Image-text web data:
-.-.-
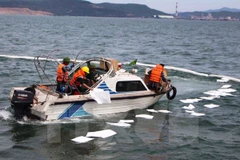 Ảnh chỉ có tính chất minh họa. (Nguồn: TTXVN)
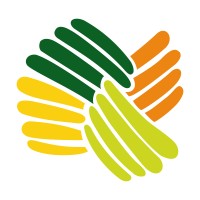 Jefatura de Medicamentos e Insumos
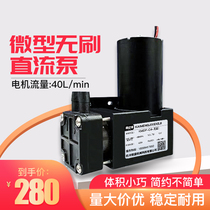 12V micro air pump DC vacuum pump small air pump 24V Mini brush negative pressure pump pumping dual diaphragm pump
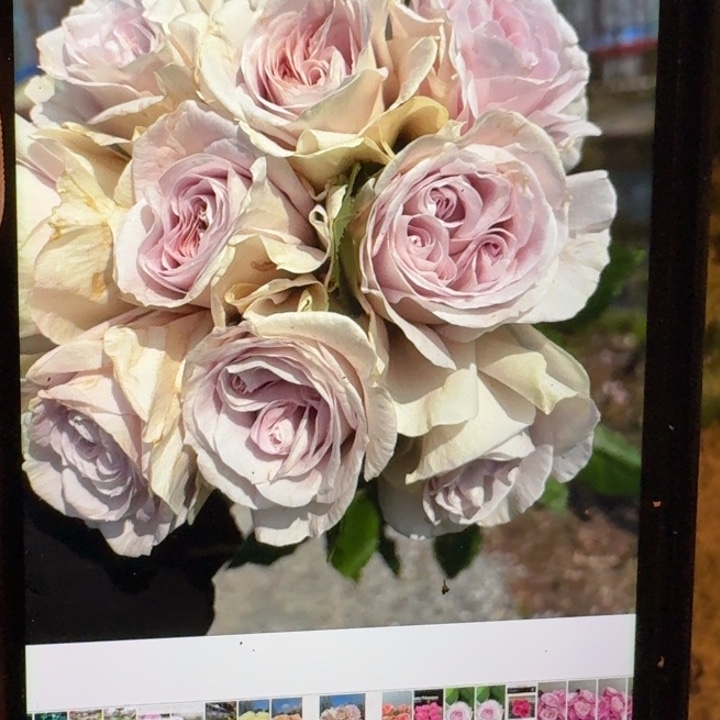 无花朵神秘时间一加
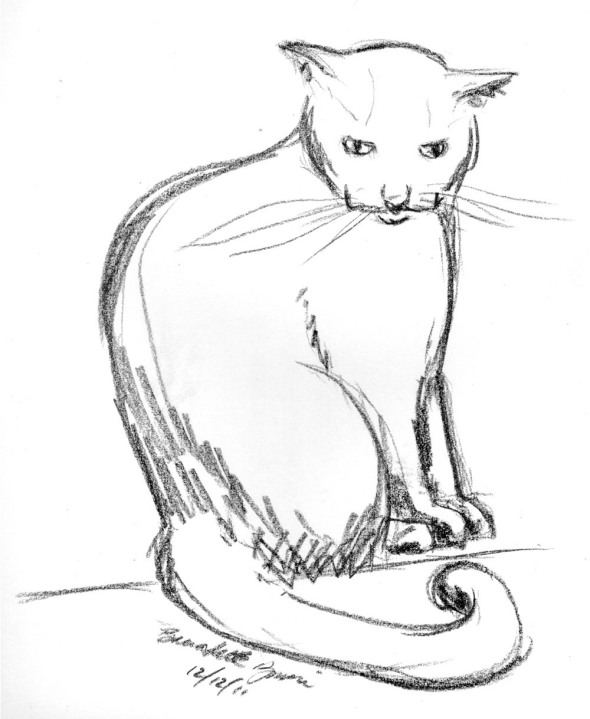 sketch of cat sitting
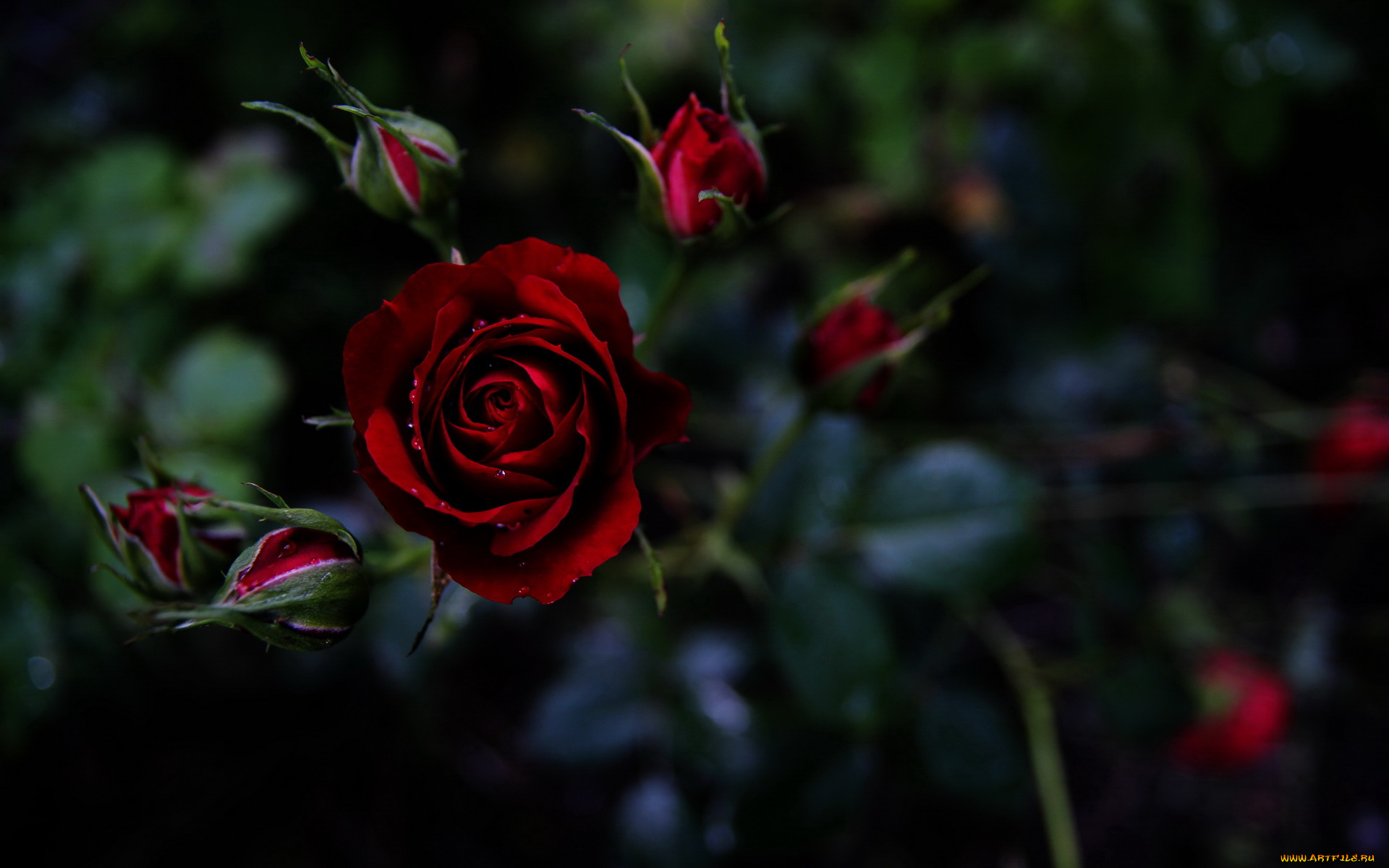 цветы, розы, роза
-.-.-
* _WORK ORDER_
Could the entries above be printed again exactly, apart from the pictures?

* _EXERCISE OUTPUT_
 Ảnh chỉ có tính chất minh họa. (Nguồn: TTXVN)
 Jefatura de Medicamentos e Insumos
 12V micro air pump DC vacuum pump small air pump 24V Mini brush negative pressure pump pumping dual diaphragm pump
 无花朵神秘时间一加
 sketch of cat sitting
 цветы, розы, роза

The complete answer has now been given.